For (i), let $I(t)=\int_0^{\infty}\frac{\ln(1+tx^2)}{1+b^2x^2}dx\quad$. Then,

$$I'(t)=\int_0^{\infty}\frac{x^2}{(1+b^2x^2)(1+tx^2)}dx =\frac{\frac\pi2}{\sqrt t(b^2-t)} -\frac{\frac\pi2}{b(b^2-t)} $$

Thus

$$I(t)=\frac\pi2 \int_0^t\frac{ds}{\sqrt s(b^2-s)} -\frac\pi2 \int_0^t\frac{ds}{b(b^2-s)} $$ $$=\frac\pi2 \frac1b\ln\frac{b+\sqrt t}{\left|b-\sqrt t\right|}+\frac\pi2 \frac1{b}\ln\frac{\left|b^2-t\right|}{b^2}=\frac\pi{b}\ln\frac{b+\sqrt t}b$$

The original integral is

$$\int_0^{\infty}\frac{\ln(1+a^2x^2)}{1+b^2x^2}dx= I(a^2) =\frac\pi{b}\ln\frac{b+a}b$$

Answer 2

Using Nyssa's comment I tried like that: \begin{align*} I(a) &= \int_0^{\infty}\frac{\ln(1+a^2x^2)}{1+b^2x^2}dx \\ I'(a)&=\frac{d}{da}\int_0^{\infty}\frac{\ln(1+a^2x^2)}{1+b^2x^2}dx\\ &=\int_0^{\infty}\frac{\partial}{\partial a}\left(\frac{\ln(1+a^2x^2)}{1+b^2x^2}\right)dx\\ &=\int_0^{\infty}\frac{2ax^2}{\left(1+x^2b^2\right)\left(1+x^2a^2\right)}dx\\ &=\int_0^{\infty}\left(\frac{2a}{(a^2-b^2)(1+x^2b^2)}-\frac{2a}{(a^2-b^2)(1+x^2a^2)}\right)dx\\ &=\frac{2a}{a^2-b^2}\frac{1}{b}\arctan(bx)\bigg|_0^\infty -\frac{2a}{a^2-b^2}\frac{1}{a}\arctan(ax)\bigg|_0^\infty\\ &=\frac{\pi}{a^2-b^2}\left(\frac{a}{b}-1\right)=\frac{\pi}{(a-b)(a+b)}\frac{a-b}{b}=\frac{\pi}{b(a+b)} \end{align*} Now we integrate back: \begin{align*} I(a)&=\frac{\pi}b\int\frac{1}{a+b}da\\ &=\frac{\pi}b\ln(a+b)+C\\ I(0)=0\implies C=-\frac{\pi}{b}\ln b \implies I(a)=\frac{\pi}{b}\ln\left(\frac{a+b}{b}\right) \end{align*} For $(2)$ I personally now think to choose parameter such a way that it remove $\ln,\sin^{-1}\cdots$ stuff. Please correct me If I am wrong. I put my answer as community so that anyone can edited it.

Answer 3

As others have noted, (i) is best done by differentiating with respect to $a$; you just need to write $\frac{x^2}{(1+a^2x^2)(1+b^2x^2)}$ as a linear combination of $\frac{1}{1+c^2x^2}$ with $c\in\{a,\,b\}$, use $\int_0^\infty\frac{dx}{1+c^2x^2}=\frac{\pi}{2c}$, and integrate $I^\prime$ using $I(0)=0$.

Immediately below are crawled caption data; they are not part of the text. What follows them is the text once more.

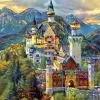 Gavidia Pedro - Château de Neuschwanstein, Allemagne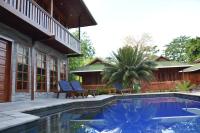 Pool & Seaview Villa with Air Conditioning - Full Board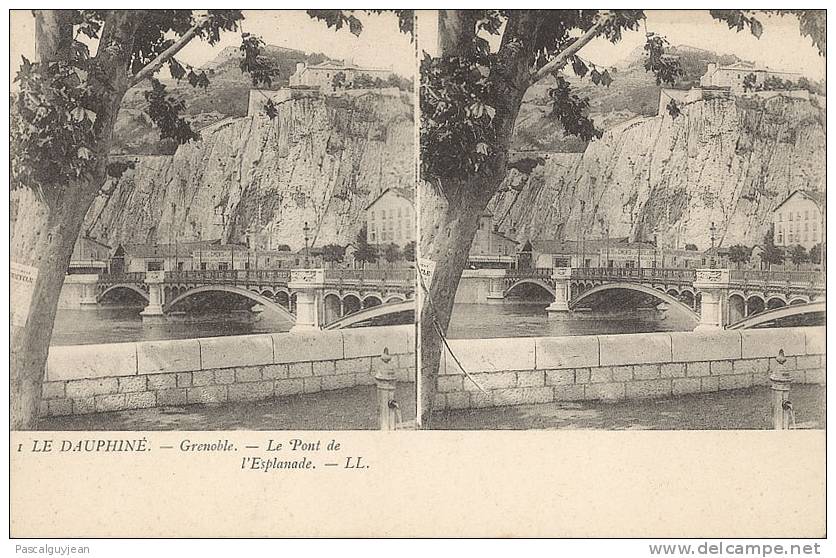 SERIE DE 24 CPA Stéréo DU DAUPHINE - Numérotées De 1 à 24 - Stereoscope Cards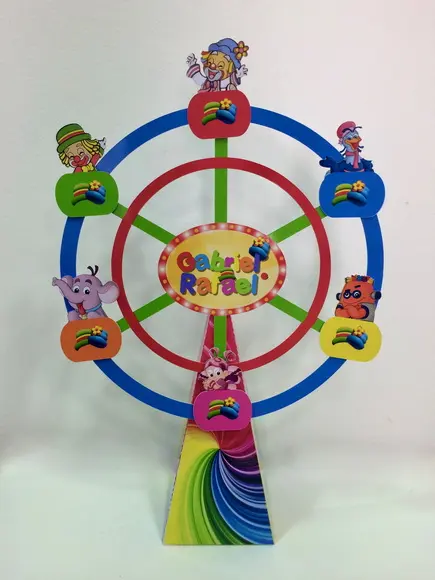 Roda Gigante Patati Patata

For (ii), differentiate with respect to $k:=\cos\alpha$, so you'll need to evaluate $\int_0^{\pi/2}\frac{dx}{1+k\cos x}$ with $t:=\tan\frac{x}{2}$. For $\alpha\in[0,\,\pi)$, you should find$$\int_0^{\pi/2}\frac{dx}{1+k\cos x}=\frac{\alpha}{\sin\alpha}\implies\int_0^{\pi/2}\frac{\ln(1+k\cos x)dx}{\cos x}=\int_{\pi/2}^\alpha\frac{\alpha^\prime}{\sin\alpha^\prime}\frac{dk^\prime}{d\alpha^\prime}d\alpha^\prime=\frac{\pi^2-4\alpha^2}{8}.$$

Answer 4

For (ii),

$$I(\alpha)=\int_0^{\frac{\pi}{2}}\frac{\ln(1+\cos\alpha\cos x)}{\cos x}dx$$

Use the standard substitution $\cos x =\frac{1-t^2}{1+t^2}$ and $dx =\frac{2dt}{1+t^2}$ to evaluate its derivative,

$$I'(\alpha) = \int_0^{\frac{\pi}{2}}\frac{-\sin\alpha \>dx}{1+\cos\alpha\cos x} = \int_0^1\frac{-2\sin\alpha\> dt}{(1-\cos\alpha)t^2+(1+\cos\alpha)}$$

$$= -2\int_0^1 \frac{d(t\tan\frac{\alpha}2)}{(t\tan\frac{\alpha}2)^2+1} =-2\tan^{-1}\left(t\tan\frac{\alpha}2\right)_0^1=-\alpha$$

where $\tan^2\frac{\alpha}2 = \frac{1-\cos\alpha}{1+\cos\alpha}$ and $\tan\frac{\alpha}2 = \frac{\sin\alpha}{1+\cos\alpha}$ are used. Thus, with $I(\pi/2) = 0 $,

$$I(\alpha) = \int_{\pi/2}^{\alpha}I'(s)ds = \int_{\pi/2}^{\alpha}(-s)ds = \frac12\left(\frac{\pi^2}4-\alpha^2 \right)$$